Talia Ellis is a twenty-two-year-old artist from Brighton. This summer, she will be graduating with a BA in Fine Art and Contemporary Cultural Analysis from Leeds University. Talia plans to remain working in Leeds after graduation, continuing to create her artwork as well as organizing exhibitions around the city.

Dealing with questions of impermanence is characteristic to our human experience of mortality and is something which has troubled generations. However, as the daunting reality of humanities collective ‘end’ appears conceivably close, impermanence manifests itself as a part of the contemporary condition. The speeding up of the climate crisis has compounded the reality of our diminishing future on this planet.

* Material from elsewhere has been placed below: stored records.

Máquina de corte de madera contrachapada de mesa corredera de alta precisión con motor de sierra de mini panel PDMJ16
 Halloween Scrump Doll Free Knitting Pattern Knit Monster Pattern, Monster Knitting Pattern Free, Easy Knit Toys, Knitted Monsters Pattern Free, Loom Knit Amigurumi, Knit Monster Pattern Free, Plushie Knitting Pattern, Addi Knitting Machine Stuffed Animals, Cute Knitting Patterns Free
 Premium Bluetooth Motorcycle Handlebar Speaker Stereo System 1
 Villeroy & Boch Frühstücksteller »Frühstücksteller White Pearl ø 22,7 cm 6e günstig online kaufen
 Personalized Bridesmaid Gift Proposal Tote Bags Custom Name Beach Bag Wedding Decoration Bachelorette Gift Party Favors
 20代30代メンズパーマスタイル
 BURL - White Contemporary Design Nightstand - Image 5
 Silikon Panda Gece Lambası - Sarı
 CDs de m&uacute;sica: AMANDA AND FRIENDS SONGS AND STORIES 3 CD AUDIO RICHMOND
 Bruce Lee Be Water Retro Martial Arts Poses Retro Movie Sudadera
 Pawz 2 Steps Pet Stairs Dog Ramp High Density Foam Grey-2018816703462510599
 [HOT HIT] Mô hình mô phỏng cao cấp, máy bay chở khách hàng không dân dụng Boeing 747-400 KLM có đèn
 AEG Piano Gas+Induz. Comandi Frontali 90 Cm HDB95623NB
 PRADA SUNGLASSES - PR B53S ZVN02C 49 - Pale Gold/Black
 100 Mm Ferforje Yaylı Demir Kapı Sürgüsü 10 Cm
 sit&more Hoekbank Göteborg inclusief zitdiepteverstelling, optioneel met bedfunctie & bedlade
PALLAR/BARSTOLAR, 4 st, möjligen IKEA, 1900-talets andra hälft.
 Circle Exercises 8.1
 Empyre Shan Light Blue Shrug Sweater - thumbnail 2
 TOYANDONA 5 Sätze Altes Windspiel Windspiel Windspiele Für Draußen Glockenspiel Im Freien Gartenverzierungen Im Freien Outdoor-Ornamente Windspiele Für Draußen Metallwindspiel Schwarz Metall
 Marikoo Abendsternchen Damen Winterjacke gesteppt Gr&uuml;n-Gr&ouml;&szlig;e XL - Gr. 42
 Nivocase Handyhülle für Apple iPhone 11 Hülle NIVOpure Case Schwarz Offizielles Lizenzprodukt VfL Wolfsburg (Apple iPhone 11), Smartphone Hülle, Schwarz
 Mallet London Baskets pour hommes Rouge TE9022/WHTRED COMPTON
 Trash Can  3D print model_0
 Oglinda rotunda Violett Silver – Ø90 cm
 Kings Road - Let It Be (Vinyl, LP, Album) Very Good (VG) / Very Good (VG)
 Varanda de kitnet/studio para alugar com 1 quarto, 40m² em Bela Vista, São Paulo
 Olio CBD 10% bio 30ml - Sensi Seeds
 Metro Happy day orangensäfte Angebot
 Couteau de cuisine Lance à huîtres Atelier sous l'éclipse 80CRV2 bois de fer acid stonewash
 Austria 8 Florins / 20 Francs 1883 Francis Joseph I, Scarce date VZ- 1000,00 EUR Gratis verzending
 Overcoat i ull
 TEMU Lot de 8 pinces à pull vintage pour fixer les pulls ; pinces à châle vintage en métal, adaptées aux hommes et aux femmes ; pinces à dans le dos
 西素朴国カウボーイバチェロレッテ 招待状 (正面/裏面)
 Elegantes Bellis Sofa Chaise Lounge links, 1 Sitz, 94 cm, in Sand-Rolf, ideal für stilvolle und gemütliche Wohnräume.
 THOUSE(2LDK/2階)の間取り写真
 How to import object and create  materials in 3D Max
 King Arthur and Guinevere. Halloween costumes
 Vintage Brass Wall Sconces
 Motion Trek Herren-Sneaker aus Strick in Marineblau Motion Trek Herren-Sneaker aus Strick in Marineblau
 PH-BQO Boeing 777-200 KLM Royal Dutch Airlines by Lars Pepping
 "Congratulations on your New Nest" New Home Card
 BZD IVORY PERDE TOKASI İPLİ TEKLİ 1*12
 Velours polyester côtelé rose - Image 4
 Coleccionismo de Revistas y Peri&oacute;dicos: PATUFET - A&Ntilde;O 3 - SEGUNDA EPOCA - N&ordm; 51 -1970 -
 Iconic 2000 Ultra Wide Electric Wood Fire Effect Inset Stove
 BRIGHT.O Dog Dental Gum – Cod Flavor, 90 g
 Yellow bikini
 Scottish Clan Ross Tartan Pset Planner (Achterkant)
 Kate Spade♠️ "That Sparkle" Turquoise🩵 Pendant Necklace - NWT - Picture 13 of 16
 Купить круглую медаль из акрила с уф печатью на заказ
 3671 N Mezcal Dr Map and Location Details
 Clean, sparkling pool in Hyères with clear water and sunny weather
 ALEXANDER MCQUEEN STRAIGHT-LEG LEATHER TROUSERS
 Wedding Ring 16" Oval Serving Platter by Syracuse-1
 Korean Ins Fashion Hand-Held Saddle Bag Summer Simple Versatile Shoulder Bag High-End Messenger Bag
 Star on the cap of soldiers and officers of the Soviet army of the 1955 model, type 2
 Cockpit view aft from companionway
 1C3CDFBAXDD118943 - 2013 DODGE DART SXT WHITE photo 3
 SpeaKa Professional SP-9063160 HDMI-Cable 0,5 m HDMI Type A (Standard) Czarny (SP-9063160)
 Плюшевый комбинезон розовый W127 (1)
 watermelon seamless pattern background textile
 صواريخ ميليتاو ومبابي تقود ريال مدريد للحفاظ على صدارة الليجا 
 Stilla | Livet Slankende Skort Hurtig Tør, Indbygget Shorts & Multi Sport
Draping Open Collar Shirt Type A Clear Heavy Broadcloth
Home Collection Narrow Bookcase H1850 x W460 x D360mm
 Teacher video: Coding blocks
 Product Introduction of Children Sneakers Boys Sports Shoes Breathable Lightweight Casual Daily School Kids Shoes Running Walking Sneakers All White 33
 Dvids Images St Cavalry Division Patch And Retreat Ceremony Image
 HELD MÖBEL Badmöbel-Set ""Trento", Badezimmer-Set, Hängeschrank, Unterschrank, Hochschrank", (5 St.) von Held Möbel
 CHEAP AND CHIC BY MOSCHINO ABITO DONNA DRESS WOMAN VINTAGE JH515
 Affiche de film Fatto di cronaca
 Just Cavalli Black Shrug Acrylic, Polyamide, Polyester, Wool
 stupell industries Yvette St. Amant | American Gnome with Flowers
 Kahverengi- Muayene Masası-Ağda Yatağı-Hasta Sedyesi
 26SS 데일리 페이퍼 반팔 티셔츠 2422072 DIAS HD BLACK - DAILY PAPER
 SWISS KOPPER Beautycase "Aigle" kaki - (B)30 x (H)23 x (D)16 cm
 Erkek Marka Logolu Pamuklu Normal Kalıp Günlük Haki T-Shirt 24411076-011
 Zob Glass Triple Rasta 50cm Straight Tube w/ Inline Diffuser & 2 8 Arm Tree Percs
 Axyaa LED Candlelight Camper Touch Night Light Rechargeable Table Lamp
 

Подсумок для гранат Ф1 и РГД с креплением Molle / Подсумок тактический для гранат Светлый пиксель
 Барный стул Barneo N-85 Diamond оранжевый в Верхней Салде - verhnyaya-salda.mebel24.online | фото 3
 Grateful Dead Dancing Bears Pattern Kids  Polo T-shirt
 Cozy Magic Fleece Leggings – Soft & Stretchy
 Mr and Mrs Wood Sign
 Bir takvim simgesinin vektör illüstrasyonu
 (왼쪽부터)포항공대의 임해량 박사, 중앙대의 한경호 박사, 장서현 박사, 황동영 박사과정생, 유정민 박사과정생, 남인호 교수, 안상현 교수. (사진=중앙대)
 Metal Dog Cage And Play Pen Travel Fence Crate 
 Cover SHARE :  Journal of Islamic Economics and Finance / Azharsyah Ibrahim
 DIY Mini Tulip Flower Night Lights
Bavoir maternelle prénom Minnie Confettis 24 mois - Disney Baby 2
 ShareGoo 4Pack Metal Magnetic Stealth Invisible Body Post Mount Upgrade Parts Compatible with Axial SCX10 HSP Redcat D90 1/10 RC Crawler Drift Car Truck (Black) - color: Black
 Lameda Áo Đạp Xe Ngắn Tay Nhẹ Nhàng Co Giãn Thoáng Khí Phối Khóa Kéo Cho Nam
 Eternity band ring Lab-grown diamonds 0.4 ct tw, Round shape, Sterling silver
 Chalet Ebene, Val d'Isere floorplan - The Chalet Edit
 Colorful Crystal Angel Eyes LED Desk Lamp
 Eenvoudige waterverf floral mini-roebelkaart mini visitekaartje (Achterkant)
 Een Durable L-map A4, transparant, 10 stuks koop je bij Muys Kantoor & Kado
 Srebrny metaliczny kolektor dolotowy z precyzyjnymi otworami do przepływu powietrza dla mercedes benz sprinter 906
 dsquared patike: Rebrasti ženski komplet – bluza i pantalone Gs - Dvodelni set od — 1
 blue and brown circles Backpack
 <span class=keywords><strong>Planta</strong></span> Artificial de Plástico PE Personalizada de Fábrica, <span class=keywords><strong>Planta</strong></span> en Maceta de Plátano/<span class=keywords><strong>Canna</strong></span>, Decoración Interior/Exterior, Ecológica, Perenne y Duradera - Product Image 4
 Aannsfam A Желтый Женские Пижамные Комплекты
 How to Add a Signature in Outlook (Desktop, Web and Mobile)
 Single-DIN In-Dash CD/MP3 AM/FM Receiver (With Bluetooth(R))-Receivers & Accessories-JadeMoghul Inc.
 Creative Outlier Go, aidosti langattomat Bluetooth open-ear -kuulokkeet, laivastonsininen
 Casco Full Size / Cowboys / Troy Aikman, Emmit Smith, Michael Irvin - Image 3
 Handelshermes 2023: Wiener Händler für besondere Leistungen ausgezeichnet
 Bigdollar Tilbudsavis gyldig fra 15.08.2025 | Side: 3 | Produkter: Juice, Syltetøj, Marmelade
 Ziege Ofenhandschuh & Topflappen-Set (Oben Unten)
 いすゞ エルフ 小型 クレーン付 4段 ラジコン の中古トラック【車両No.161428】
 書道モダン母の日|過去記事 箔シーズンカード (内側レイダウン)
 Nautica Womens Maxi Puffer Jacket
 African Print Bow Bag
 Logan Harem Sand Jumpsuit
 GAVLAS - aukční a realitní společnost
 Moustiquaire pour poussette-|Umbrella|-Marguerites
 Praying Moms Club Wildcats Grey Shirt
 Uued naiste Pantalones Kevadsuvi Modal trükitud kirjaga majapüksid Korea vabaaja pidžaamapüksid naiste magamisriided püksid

Generation Z has been on the frontline of the fight for the future, with young voices from all around the world leading mass environmental movements. Talis Ellis’ practice aims to voice the fears of a generation plagued with uncertainty in order to convey the urgency with which we need the world to unite behind us in the fight for our future. Talia’s current work is aimed at commemorating the future since grief can be wielded as a powerful political tool. In order to foster a collective grieving for the future, she understands we need to be able to conceive what that future might look like. Talia’s artwork is concerned with creating a relic from the object. In creating an idol of the future a contemplative space is formed between the image and the viewer. The works open up questions of time, uncertainty, legacy, mystery and control. Capitalistic American ideals of ‘visualisation’ and ‘self-actualisation’ are whimsically mocked in the artistic process of projecting the future. Nevertheless, the works acknowledge that dialogue with our ‘fate’ is crucial to engendering real change.